WHAT THE TASK REQUIRES —
Pictures stay out. Everything else in the listing below gets written out exactly.

*** DATASET CONTENT ***

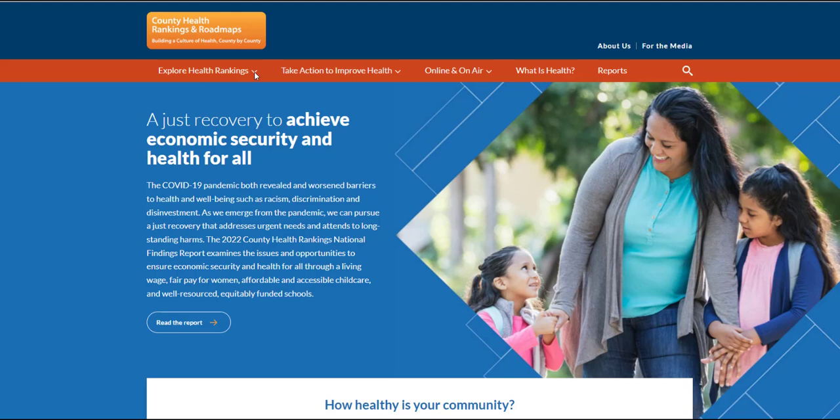First, let's visit the Explore Health Rankings section of our website. To get there, find Explore Health Rankings in the bar at the top of our homepage and select Overview from the drop-down menu.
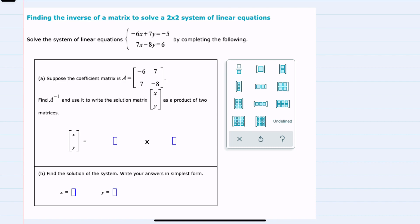In this video I'll be helping you with the Alex problem type called finding the inverse of a matrix to solve a two by two system of linear equations. We are given our system of linear equations and we're told that the matrix A is the coefficient matrix, taking each one of those coefficients in position, and we're asked to find A inverse so that we can get this solution matrix. I'll start by just writing out what we know.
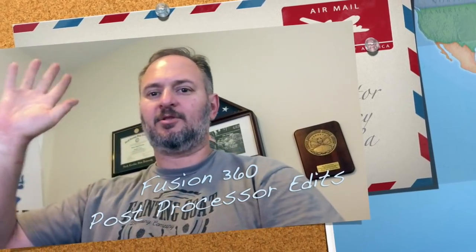Hey, it's Tom from Inspiration Motherworks, and I'm just doing a short video on post-processors in Fusion 360.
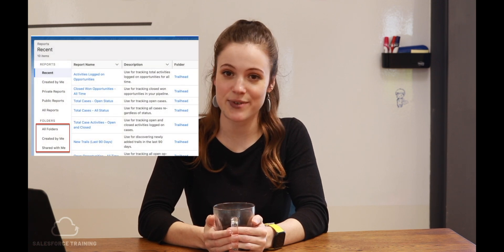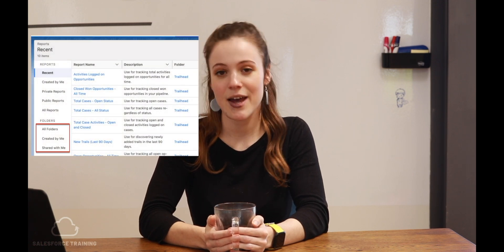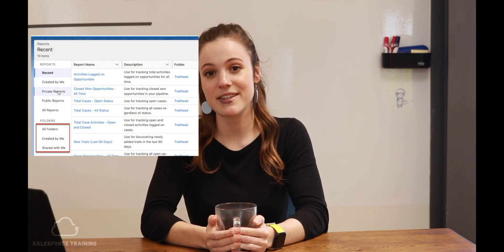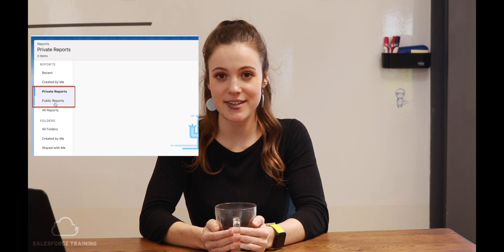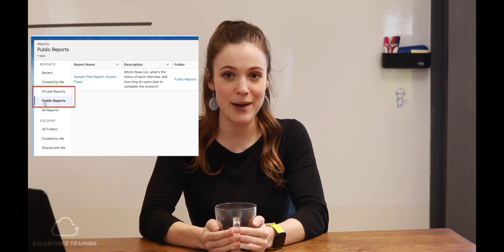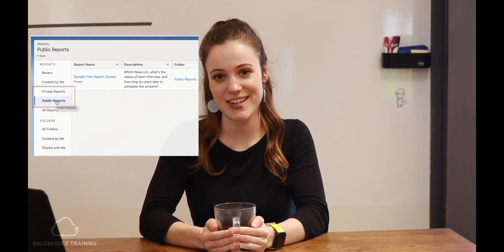Subfolders can be created in user-created folders, but not in the default folders Salesforce has, which are called public and private.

*** End of DATASET CONTENT ***

REPLY —
First, let's visit the Explore Health Rankings section of our website. To get there, find Explore Health Rankings in the bar at the top of our homepage and select Overview from the drop-down menu.
In this video I'll be helping you with the Alex problem type called finding the inverse of a matrix to solve a two by two system of linear equations. We are given our system of linear equations and we're told that the matrix A is the coefficient matrix, taking each one of those coefficients in position, and we're asked to find A inverse so that we can get this solution matrix. I'll start by just writing out what we know.
Hey, it's Tom from Inspiration Motherworks, and I'm just doing a short video on post-processors in Fusion 360.
Subfolders can be created in user-created folders, but not in the default folders Salesforce has, which are called public and private.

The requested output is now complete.